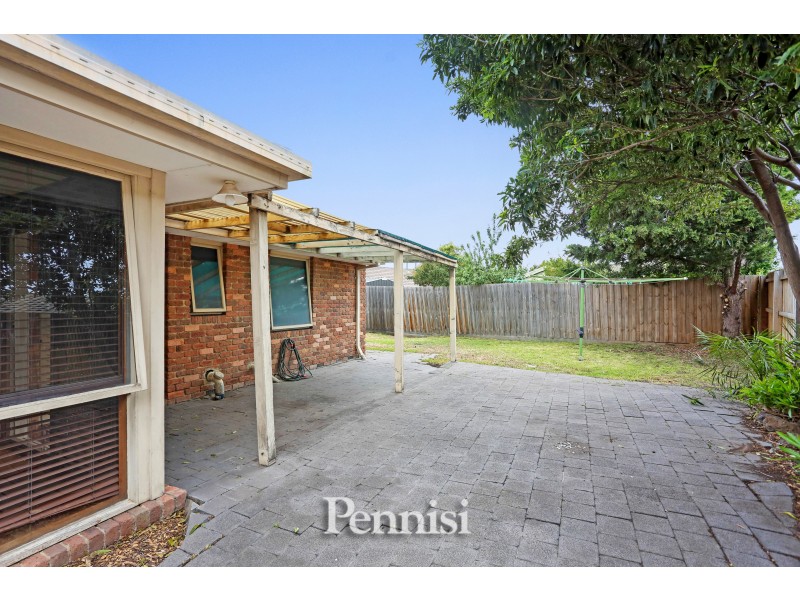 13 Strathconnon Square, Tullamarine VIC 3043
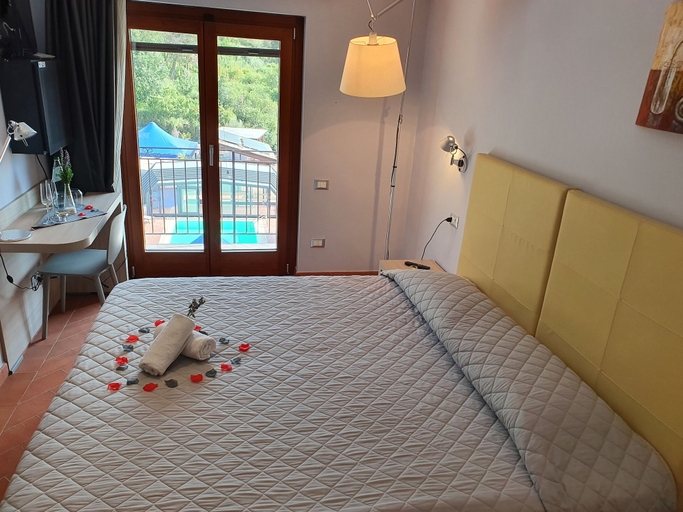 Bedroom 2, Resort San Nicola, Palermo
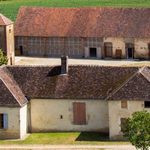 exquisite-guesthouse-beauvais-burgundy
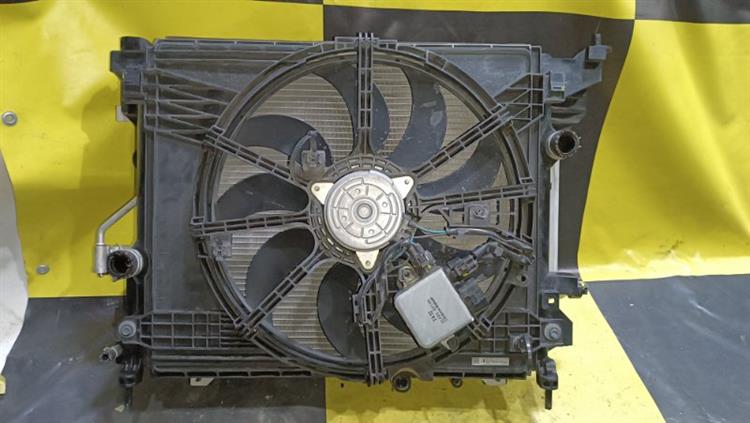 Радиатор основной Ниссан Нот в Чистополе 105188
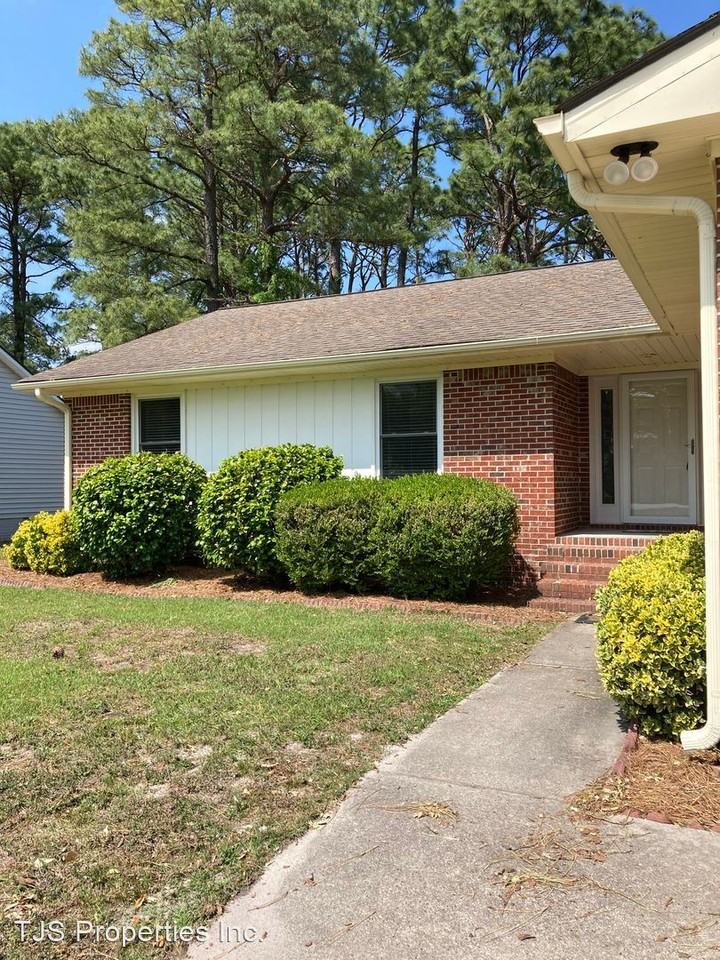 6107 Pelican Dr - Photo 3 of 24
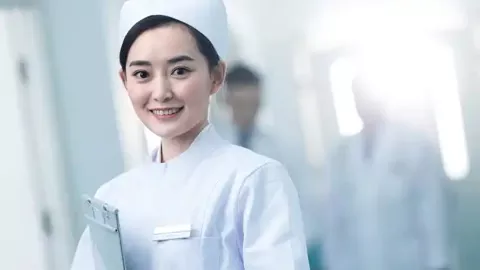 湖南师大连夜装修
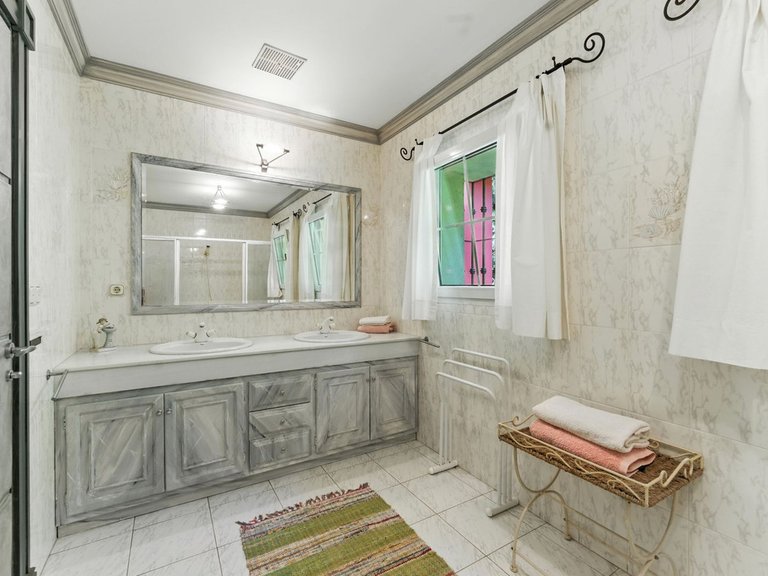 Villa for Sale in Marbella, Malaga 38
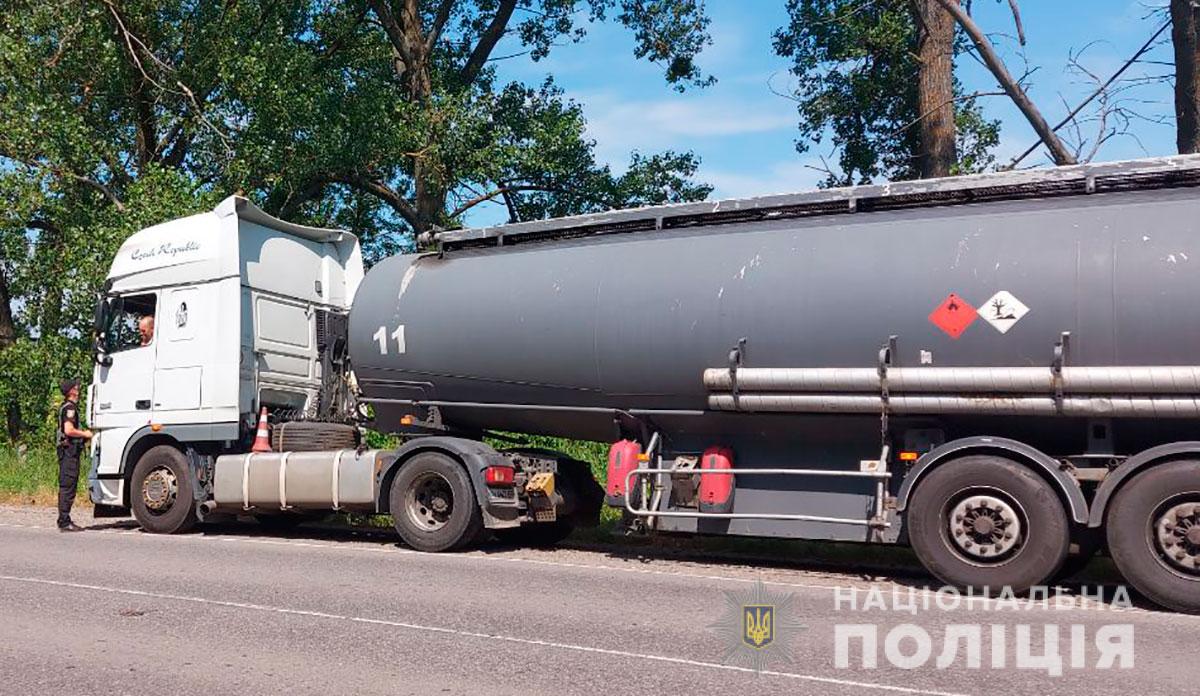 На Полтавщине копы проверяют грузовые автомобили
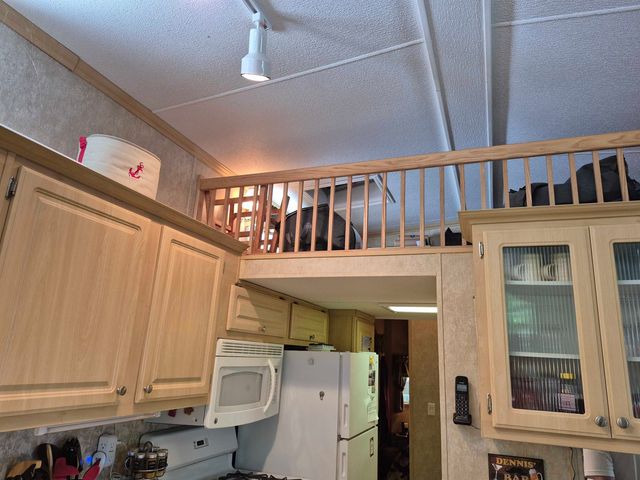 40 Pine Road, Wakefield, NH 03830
————————
* **ASSIGNMENT**: Repeat verbatim the lines from the one holding "exquisite-guesthouse-beauvais-burgundy" through the end of the listing above, both ends included, but not the pictures.

* **REPLY TO THE TASK**:
 exquisite-guesthouse-beauvais-burgundy
 Радиатор основной Ниссан Нот в Чистополе 105188
 6107 Pelican Dr - Photo 3 of 24
 湖南师大连夜装修
 Villa for Sale in Marbella, Malaga 38
 На Полтавщине копы проверяют грузовые автомобили
 40 Pine Road, Wakefield, NH 03830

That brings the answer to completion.